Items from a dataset
★ ★ ★ ★ ★ ★ ★
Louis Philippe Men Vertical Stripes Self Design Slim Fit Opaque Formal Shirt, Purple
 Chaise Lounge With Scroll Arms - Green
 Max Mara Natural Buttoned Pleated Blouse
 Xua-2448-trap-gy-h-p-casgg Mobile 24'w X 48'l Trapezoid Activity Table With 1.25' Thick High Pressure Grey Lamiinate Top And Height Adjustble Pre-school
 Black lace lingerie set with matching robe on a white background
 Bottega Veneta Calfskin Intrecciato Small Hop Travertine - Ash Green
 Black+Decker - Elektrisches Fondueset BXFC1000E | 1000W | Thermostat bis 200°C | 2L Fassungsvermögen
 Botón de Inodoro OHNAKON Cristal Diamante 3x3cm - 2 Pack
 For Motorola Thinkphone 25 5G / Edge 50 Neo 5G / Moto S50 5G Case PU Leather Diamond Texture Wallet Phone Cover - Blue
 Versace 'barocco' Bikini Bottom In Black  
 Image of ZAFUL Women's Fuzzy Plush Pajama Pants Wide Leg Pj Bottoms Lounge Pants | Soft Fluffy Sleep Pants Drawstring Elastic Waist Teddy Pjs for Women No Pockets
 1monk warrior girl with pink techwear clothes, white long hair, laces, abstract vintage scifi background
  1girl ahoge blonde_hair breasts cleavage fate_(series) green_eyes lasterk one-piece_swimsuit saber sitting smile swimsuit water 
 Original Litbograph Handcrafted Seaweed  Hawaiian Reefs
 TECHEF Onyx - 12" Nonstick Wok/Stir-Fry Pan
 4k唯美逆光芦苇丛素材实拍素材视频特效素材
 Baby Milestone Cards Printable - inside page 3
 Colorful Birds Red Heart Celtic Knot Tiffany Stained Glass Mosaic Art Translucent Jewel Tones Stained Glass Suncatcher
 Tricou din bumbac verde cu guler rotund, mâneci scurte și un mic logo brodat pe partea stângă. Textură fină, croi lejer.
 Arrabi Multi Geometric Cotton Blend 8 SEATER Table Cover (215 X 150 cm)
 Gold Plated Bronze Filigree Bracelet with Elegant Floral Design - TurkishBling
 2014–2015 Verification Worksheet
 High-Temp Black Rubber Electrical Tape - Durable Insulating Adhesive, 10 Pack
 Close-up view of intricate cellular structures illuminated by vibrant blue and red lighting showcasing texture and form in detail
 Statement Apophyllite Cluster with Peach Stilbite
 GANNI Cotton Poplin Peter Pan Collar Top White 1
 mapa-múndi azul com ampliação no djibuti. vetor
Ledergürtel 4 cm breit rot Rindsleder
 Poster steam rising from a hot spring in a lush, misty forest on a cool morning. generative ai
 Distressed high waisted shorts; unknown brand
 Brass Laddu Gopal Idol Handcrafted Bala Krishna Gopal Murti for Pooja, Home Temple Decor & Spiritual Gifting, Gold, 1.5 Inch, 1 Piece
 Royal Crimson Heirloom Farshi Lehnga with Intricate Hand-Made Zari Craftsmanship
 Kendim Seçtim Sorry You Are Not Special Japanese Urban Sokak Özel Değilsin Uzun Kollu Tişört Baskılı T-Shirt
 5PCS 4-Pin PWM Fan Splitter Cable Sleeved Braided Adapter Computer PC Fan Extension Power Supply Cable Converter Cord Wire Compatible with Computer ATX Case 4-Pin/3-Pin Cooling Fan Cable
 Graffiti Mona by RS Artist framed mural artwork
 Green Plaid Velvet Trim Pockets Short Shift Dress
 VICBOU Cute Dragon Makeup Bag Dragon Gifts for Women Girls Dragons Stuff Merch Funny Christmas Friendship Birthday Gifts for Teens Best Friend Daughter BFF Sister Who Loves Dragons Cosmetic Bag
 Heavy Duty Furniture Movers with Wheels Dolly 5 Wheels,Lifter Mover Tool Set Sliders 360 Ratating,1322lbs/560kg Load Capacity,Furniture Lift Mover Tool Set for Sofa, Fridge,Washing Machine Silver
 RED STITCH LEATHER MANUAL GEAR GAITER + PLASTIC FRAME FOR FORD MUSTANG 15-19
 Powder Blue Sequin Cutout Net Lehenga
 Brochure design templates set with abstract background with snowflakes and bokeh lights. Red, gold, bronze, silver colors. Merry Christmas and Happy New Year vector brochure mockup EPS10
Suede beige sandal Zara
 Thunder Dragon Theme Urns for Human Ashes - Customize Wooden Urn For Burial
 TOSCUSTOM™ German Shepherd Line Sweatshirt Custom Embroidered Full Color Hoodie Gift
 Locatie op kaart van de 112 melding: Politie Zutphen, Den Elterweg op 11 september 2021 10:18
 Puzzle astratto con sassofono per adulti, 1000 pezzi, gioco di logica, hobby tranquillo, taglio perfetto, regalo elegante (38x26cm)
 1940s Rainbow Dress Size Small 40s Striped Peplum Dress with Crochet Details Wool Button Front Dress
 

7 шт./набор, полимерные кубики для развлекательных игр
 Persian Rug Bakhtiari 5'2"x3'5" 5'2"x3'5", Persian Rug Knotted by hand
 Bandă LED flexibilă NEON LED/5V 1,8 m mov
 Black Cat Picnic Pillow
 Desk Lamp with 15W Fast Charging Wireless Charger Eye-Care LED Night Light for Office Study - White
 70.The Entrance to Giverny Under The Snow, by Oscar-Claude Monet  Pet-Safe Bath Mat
★ ★ ★ ★ ★ ★ ★
### TASK BRIEF:
All that is needed is the exact run of lines above from the line containing "Versace 'barocco' Bikini Bottom In Black" through the line containing "Original Litbograph Handcrafted", both of them included.

### RESULT OF THIS TASK:
 Versace 'barocco' Bikini Bottom In Black  
 Image of ZAFUL Women's Fuzzy Plush Pajama Pants Wide Leg Pj Bottoms Lounge Pants | Soft Fluffy Sleep Pants Drawstring Elastic Waist Teddy Pjs for Women No Pockets
 1monk warrior girl with pink techwear clothes, white long hair, laces, abstract vintage scifi background
  1girl ahoge blonde_hair breasts cleavage fate_(series) green_eyes lasterk one-piece_swimsuit saber sitting smile swimsuit water 
 Original Litbograph Handcrafted Seaweed  Hawaiian Reefs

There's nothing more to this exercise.